Lissette González 

En una clase de sociología casi cualquier tema es excusa para que los estudiantes, ávidos de entender esta compleja coyuntura que los circunda, pregunten sobre los problemas del país. En la última clase surgió, no sé cómo, una discusión sobre la identidad del venezolano. Uno de mis estudiantes está convencido que sin una nueva “identidad” no es posible superar este momento de crisis.

Nos detenemos, claro, porque me incomodan tanto las definiciones absolutas sobre la identidad (que pretenden distinguir lo que es venezolano de lo que no lo es y, por tanto, de alguna manera desconoce la diversidad real) como los postulados que asumen un determinismo cultural de los procesos sociales, económicos o políticos. Son fantasmas que una profesora de sociología debe conjurar en sus futuros colegas, así que pregunto, oigo y discuto.

En algún momento mi estudiante afirma que al venezolano hay que cambiarlo para que el país pueda salir adelante. Yo le pregunto si no le parece que esa es una actitud autoritaria y le ejemplifico diciéndole que nuestro gobierno ha pasado unos largos años ya intentando cambiarnos, y eso no nos ha gustado.

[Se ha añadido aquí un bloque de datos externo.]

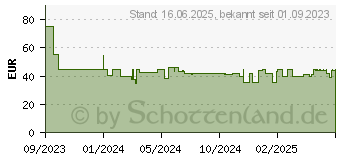 Preistrend fr Bosch - sda Kaffeeautomat ws (TKA2M111)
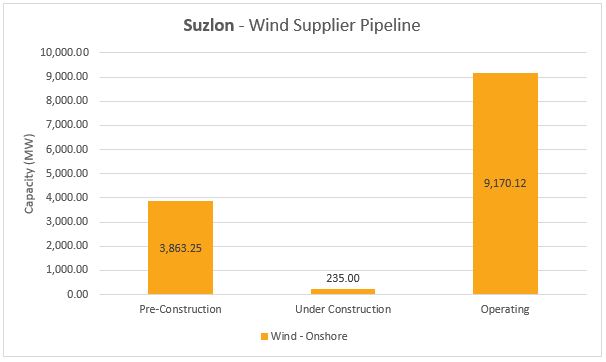 Top Wind Turbine Manufacturers - #9 Suzlon - Energy Acuity Renewable Platform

Una de sus compañeras toma el testigo y añade: “¿cómo se sale adelante en un país donde la gente prefiere ser malandro o bachaquero en vez de trabajar?, ¿cómo se cambia eso?”.

Le digo que probablemente eso cambiará cuando el esfuerzo y el trabajo sean rentables, porque en este momento cualquier otra actividad es más racional que el trabajo asalariado. Le propuse al salón, entonces, que se haga la pregunta opuesta: ¿por qué una secretaria o un dependiente en la panadería siguen yendo a trabajar día tras día, 8 horas, pese a que lo que ganan en un mes no alcanza para comer una semana? Ciertamente, permanecer en esos empleos en estos tiempos inflacionarios es quizás el comportamiento más irracional imaginable. ¿Qué valores hay allí, que hacen a millones de venezolanos esforzarse en un empeño que parece insostenible e infructuoso? Yo creo que deberíamos detenernos todos un poco más en esta pregunta y en lo que pensamos sobre el pueblo venezolano.

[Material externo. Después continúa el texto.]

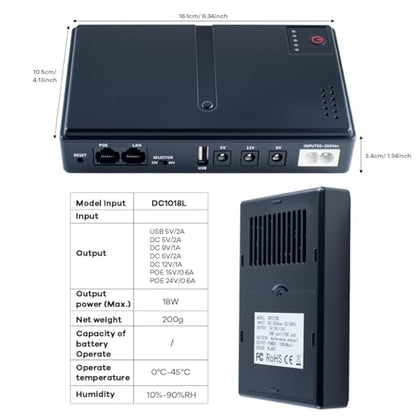 Hosyond Mini DC UPS Battery Backup Uninterruptible Power Supply 18W 5V/9V/12V/15V/24V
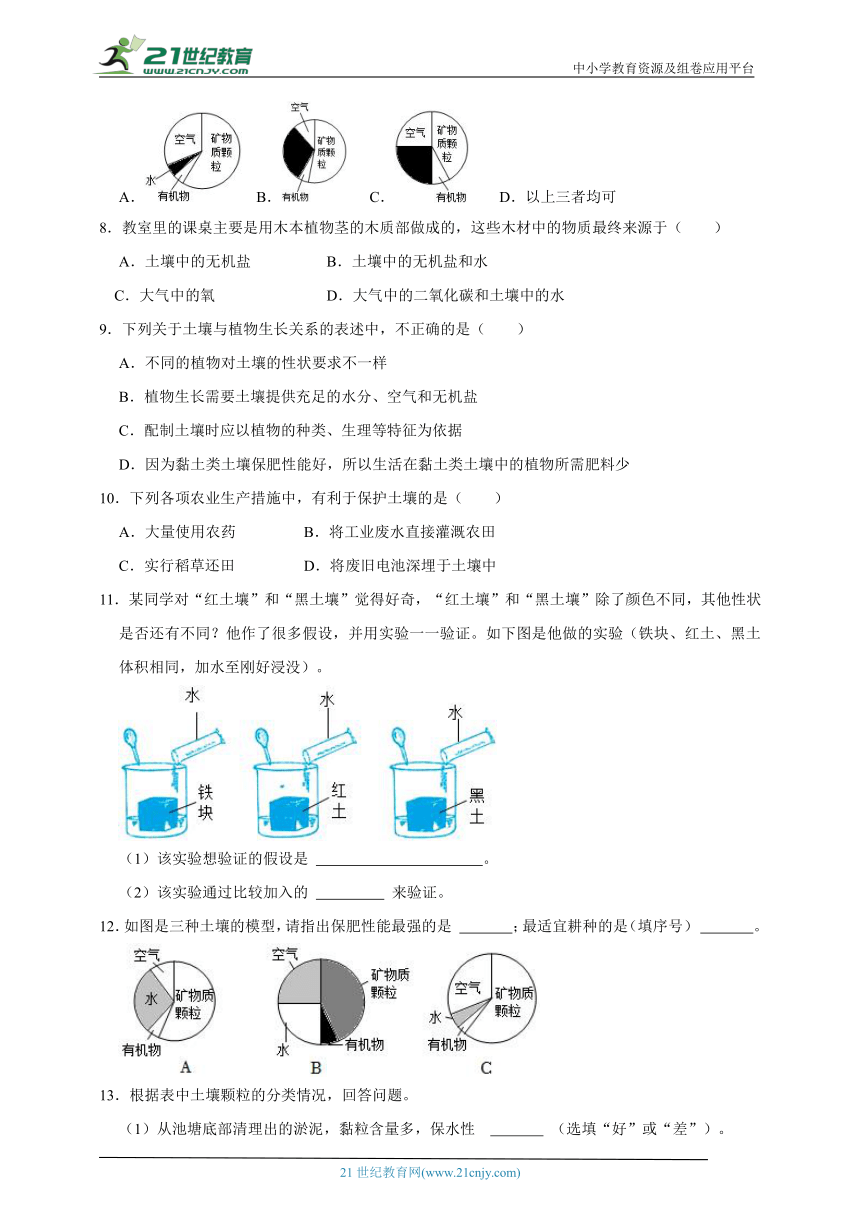 浙教版八下科学期中专题11 土壤与空气保护（含答案）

Porque es muy fácil mirar a los más vulnerables con desdén y pretender que se sabe qué es lo que al pueblo le conviene y cómo ese pueblo debería ser y actuar. Ser el líder que conoce el camino correcto o el predicador que debe convertir y redimir a los paganos es una posición cómoda que nos aleja del problema y nos permite eludir nuestra corresponsabilidad en la crisis que vivimos.

Construir una democracia sólida requiere como requisito ineludible reconocer sin cortapisas la igualdad básica de los venezolanos y construir instituciones que respeten la libertad y autonomía de todos. Pero también que las élites políticas, intelectuales y económicas empiecen a mirarse como parte de ese pueblo venezolano, junto al cual han de construir un futuro, y no como benefactores que desde una posición superior se ocupan de forma paternalista-asistencial del bien de ese pueblo al que no pertenecen. Aunque es lo que creo, también a veces pienso que esto podría ser mucho pedir.